Easy Rider: Why It’s Time to Tear Up the Bus-Pass and Get Cycling!
There are few better ways to spend an afternoon than cycling through the countryside and exploring the many beautiful landscapes that the UK has to offer. However, if recent research is anything to go by, it seems that putting foot to pedal might be just as beneficial for the body as it is for the spirits.
A study recently undertaken at the Norwegian School of Sports Sciences in Oslo has discovered that cycling and other activities are not only great for your health, but can extend your lifespan too.
The Importance of Exercise
The research, which involved 6,000 men in total, monitored levels of activity among participants over a period of 12 years, placing them into groups according to levels of fitness.
Those who did under an hour of light activity a week had no reduction in risk of dying from any cause. However, engaging in a minimal amount of exercise; even as little as an hour a week, could reduce risk of dying from any condition by as much as a third, providing that the exercise was high-impact enough. Those who engaged in vigorous activity for over 3 hours a week reduced their risk of dying from any cause by nearly 50%.
Professor Holme, who led the study, comments: ‘Even when men were 73 years of age on average at start of follow-up, active persons had five years longer expected lifetime than the sedentary.’

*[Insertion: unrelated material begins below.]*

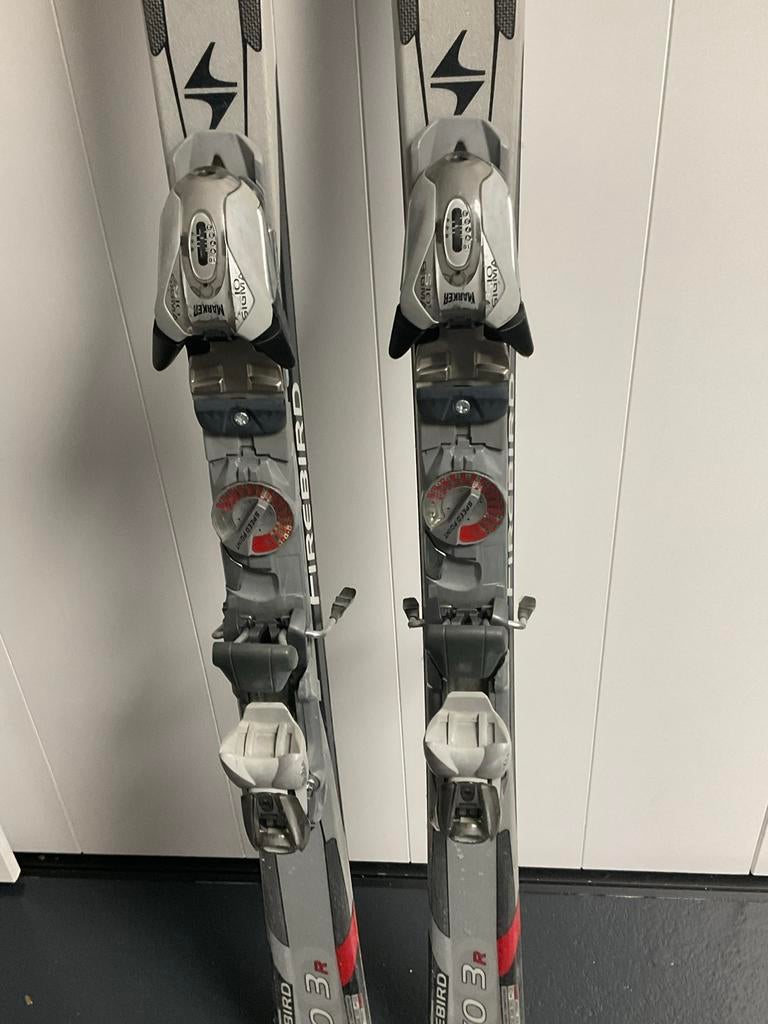 Blizzard Firebird XO3R Ski's - 151cm, 140 tot 160 cm, Gebruikt, Carve, Skiën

In addition to this, another study, published in the Scandinavian Journal of Medicine and Science in Sports in 2011, found that cycling could help reduce the risk of cardiovascular problems and boost overall levels of fitness.
Time to Get on Your Bike?
Official guidelines from the NHS advise that we should be engaging in 150 minutes of moderate activity per week, and 75 minutes of vigorous activity. However, apparently three quarters of the population fail to do this, thus raising their chances of developing heart disease, obesity and diabetes.
Cycling is an easy way to meet these exercise targets. It also has the advantage of being well suited to anyone, regardless of age or ability. It’s considered a relatively low-impact exercise, which means it will have less impact on your joints than other forms of exercise, such as aerobics classes or running. However, don’t underestimate it. Just because it’s low-impact, doesn’t mean it’s not excellent for your body.
In fact, according to the NHS, if you weigh around 12st 9lb, you’ll burn over 650 calories by cycling for an hour, in addition to toning muscles in the legs and bottom. If you start riding up hills, you’ll be giving your upper body a good work-out too.
How to Get Cycling
If you have an existing health problem, it’s advisable to talk to your GP before starting cycling. However, if you’re in good physical health, there’s no reason why you can’t begin cycling today! Before you start, however, it is imperative to invest in the right protective equipment and to familiarise yourself with basic road safety, to ensure you enjoy your cycling experience accident-free.